→ WORK REQUEST
Please repeat only these lines, exactly: the one containing "Welcome to episode" and all that come after it in the material.

··· RECORDED INFORMATION ···

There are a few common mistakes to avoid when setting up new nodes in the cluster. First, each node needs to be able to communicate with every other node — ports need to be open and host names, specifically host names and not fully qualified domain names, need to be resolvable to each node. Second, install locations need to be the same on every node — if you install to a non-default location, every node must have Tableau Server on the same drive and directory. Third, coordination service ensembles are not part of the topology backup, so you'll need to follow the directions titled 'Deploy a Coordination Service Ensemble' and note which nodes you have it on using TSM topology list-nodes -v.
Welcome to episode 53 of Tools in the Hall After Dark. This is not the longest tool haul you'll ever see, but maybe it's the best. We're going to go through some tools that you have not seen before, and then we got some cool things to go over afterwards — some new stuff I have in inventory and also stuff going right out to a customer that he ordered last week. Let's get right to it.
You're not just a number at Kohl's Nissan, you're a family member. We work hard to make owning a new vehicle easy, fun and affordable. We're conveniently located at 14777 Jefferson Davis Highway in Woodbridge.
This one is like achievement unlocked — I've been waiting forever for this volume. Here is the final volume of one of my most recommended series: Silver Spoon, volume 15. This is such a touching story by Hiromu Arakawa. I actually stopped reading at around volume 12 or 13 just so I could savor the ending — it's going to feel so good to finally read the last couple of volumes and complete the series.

···

→ ANSWER BOX
Welcome to episode 53 of Tools in the Hall After Dark. This is not the longest tool haul you'll ever see, but maybe it's the best. We're going to go through some tools that you have not seen before, and then we got some cool things to go over afterwards — some new stuff I have in inventory and also stuff going right out to a customer that he ordered last week. Let's get right to it.
You're not just a number at Kohl's Nissan, you're a family member. We work hard to make owning a new vehicle easy, fun and affordable. We're conveniently located at 14777 Jefferson Davis Highway in Woodbridge.
This one is like achievement unlocked — I've been waiting forever for this volume. Here is the final volume of one of my most recommended series: Silver Spoon, volume 15. This is such a touching story by Hiromu Arakawa. I actually stopped reading at around volume 12 or 13 just so I could savor the ending — it's going to feel so good to finally read the last couple of volumes and complete the series.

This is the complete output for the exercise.